Wednesday, September 29, 2010

Supreme Court: Highlights, Patterns & Implications from Last Term (Part 1)

The First Monday in October is a few short days away. The traditional first day of the Supreme Court's new term. (Hence, the Court's new year, 2010-11, is called the October 2010 Term; last year, 2009-10, the October 2009 Term.)

In preparation for what's to come--the cases, issues, arguments, votes, decisions, Justice Kagan replacing Justice Stevens, etc.--let's take a look at the last completed term. The one that ended just before the summer break. The 2009-10 or October '09 Term.
The Court decided 72 cases after full argument, and a total of 86 including those treated more summarily. Reviewing this entire decisional output, I arrived at 10 highlights. (I was not looking for a Top Ten; it just turned out that way.)
These were politically or ideologically charged cases. Particularly so. That is, they involved matters of considerable interest to the public. Matters of considerable controversy among the body politic. Church and state. Gun control. The war on terror. Corruption. Cameras in the courtroom. Sentencing juveniles. Miranda rights.

These cases raised vital legal and Constitutional issues.

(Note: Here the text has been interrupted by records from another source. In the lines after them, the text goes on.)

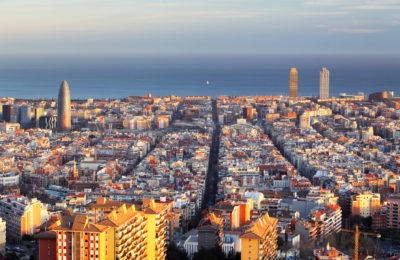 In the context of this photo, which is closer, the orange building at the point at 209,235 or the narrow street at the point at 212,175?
the orange building at the point at 209,235

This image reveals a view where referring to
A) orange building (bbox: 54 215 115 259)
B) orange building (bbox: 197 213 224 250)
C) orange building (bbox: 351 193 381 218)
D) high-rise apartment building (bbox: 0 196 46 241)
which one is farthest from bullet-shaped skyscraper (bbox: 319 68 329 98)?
orange building (bbox: 54 215 115 259)

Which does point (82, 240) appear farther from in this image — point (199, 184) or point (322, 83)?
point (322, 83)

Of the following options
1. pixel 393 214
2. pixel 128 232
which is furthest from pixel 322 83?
pixel 128 232

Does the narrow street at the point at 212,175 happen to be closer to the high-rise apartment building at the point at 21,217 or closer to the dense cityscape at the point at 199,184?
the dense cityscape at the point at 199,184

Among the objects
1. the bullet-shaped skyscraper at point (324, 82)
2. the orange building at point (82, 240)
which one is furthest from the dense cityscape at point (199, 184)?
the bullet-shaped skyscraper at point (324, 82)

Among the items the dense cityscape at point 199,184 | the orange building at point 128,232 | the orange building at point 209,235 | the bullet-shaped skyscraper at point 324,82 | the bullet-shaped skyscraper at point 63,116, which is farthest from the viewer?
the bullet-shaped skyscraper at point 324,82

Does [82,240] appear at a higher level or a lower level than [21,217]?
higher

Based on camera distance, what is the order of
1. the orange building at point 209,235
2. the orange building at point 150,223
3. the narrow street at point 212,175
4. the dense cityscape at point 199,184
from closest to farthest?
the orange building at point 150,223 < the dense cityscape at point 199,184 < the orange building at point 209,235 < the narrow street at point 212,175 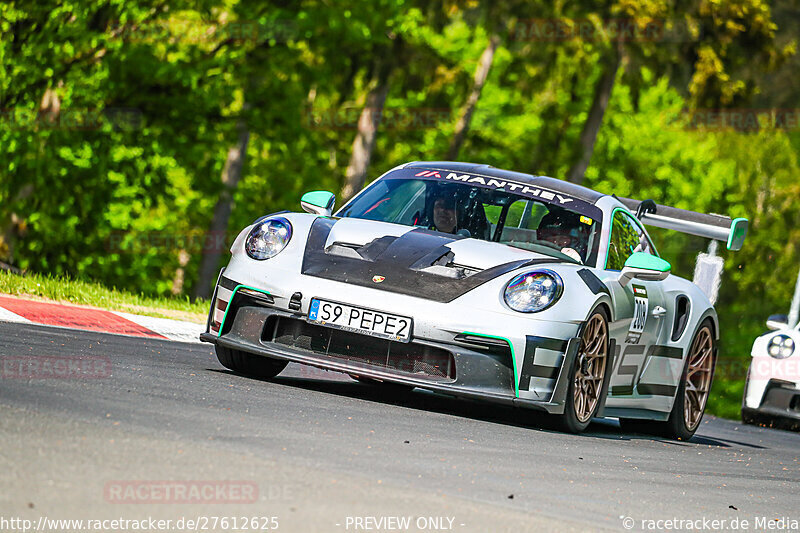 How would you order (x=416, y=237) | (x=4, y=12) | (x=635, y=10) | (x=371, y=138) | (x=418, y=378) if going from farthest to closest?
1. (x=371, y=138)
2. (x=635, y=10)
3. (x=4, y=12)
4. (x=416, y=237)
5. (x=418, y=378)

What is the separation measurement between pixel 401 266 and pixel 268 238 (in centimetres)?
89

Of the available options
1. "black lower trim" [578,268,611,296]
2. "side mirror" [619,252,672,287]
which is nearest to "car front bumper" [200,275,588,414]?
"black lower trim" [578,268,611,296]

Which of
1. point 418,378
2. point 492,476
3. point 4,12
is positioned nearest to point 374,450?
point 492,476

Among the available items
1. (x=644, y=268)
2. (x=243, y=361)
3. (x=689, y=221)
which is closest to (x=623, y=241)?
(x=644, y=268)

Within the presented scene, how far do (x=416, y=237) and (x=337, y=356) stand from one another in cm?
95

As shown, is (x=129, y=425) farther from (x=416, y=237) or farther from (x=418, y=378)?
(x=416, y=237)

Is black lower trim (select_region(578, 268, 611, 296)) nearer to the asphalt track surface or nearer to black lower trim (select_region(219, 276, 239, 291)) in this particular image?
the asphalt track surface

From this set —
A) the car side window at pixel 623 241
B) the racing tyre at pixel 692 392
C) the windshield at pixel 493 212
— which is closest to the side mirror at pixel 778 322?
the racing tyre at pixel 692 392

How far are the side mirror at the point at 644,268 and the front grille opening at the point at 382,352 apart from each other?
1.56 meters

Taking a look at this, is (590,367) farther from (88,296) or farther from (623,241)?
(88,296)

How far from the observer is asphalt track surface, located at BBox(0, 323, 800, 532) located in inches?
165

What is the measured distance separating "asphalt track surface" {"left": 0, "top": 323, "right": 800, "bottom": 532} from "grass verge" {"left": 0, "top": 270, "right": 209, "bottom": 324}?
296 centimetres

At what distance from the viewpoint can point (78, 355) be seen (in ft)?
24.3

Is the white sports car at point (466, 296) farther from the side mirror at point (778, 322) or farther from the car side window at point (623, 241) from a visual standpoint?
the side mirror at point (778, 322) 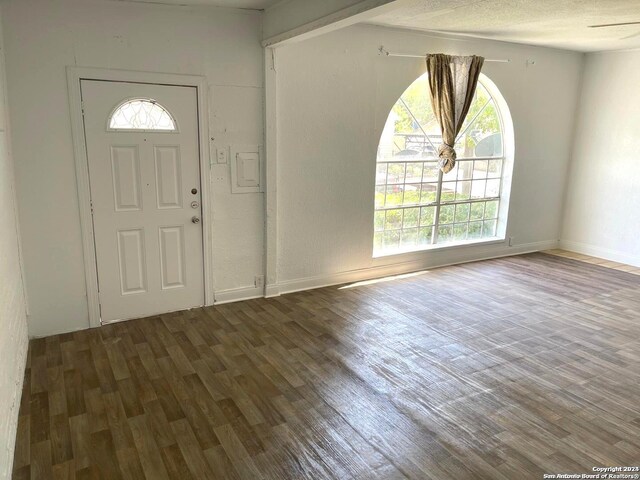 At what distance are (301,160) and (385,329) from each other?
1.80 m

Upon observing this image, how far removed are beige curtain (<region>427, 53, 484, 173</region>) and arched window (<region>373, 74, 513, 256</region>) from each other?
17cm

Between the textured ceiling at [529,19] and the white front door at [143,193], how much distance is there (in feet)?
6.76

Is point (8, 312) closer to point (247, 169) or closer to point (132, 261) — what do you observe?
point (132, 261)

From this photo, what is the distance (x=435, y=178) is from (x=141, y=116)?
3386 millimetres

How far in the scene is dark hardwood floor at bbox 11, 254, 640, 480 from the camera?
7.79 feet

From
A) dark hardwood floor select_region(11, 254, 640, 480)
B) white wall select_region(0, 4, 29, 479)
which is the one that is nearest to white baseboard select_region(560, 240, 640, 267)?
dark hardwood floor select_region(11, 254, 640, 480)

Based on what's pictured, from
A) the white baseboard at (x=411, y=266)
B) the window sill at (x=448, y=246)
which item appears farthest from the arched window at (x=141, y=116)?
the window sill at (x=448, y=246)

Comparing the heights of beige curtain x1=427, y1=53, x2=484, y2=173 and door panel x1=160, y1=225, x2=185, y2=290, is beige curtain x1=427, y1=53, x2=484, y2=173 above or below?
above

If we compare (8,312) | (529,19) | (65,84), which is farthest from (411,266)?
(8,312)

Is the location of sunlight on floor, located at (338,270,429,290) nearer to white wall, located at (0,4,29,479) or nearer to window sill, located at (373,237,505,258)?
window sill, located at (373,237,505,258)

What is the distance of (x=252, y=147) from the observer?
4.33 meters

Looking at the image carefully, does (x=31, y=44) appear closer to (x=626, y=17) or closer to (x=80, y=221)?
(x=80, y=221)

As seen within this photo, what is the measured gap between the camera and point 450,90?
206 inches

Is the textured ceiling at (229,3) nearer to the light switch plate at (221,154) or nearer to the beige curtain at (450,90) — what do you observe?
the light switch plate at (221,154)
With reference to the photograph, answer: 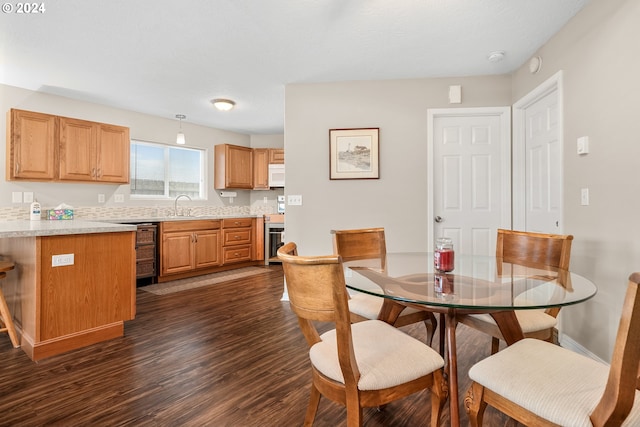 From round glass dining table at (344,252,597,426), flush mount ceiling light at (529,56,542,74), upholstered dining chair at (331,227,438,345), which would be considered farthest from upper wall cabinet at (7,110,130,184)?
flush mount ceiling light at (529,56,542,74)

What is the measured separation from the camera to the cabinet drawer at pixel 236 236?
5191 mm

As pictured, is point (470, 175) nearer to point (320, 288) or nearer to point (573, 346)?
point (573, 346)

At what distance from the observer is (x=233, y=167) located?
18.4 ft

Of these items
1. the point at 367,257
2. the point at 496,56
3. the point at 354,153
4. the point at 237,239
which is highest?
the point at 496,56

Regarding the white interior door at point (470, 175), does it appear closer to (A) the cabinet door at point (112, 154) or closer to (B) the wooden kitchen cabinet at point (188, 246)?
(B) the wooden kitchen cabinet at point (188, 246)

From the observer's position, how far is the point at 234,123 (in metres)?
5.38

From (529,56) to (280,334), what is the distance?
323 cm

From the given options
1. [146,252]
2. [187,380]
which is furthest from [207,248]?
[187,380]

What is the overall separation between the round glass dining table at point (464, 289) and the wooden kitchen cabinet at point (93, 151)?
3.63 m

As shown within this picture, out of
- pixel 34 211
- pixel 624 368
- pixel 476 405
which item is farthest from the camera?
pixel 34 211

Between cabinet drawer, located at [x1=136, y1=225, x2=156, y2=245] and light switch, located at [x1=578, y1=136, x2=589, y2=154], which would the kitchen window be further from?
light switch, located at [x1=578, y1=136, x2=589, y2=154]

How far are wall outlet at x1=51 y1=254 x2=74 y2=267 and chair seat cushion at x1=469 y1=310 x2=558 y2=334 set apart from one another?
2610mm

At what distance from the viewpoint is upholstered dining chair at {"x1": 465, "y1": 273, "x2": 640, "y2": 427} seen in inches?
32.3

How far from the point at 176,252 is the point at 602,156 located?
15.2ft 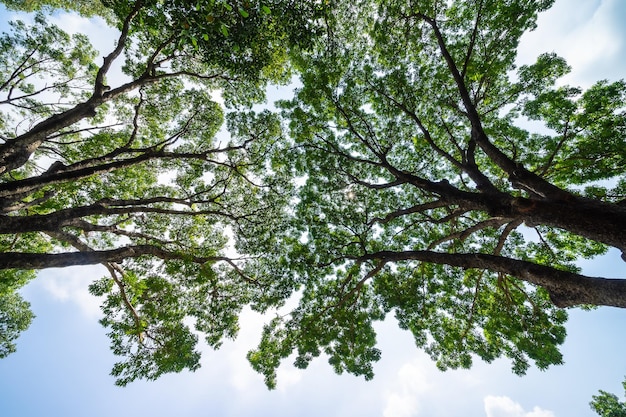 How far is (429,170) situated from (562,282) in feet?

About the role and authority of government. The rights and liberties of individuals. The process and modes of judicial decision-making. And intimately tied to that, the meaning and application of the Constitution.

There were certainly more than 10 important decisions last term. But as I reviewed the term over and over, it was these 10 that kept striking me as the most salient.

For this post, let's just start with the case names, the general matter involved, the very bottom line of the Court's ruling, and the raw vote. In forthcoming posts, we'll take a closer look at the cases, the Court's decisions, the Justices' voting and opinions, and the decisional and voting patterns that emerge.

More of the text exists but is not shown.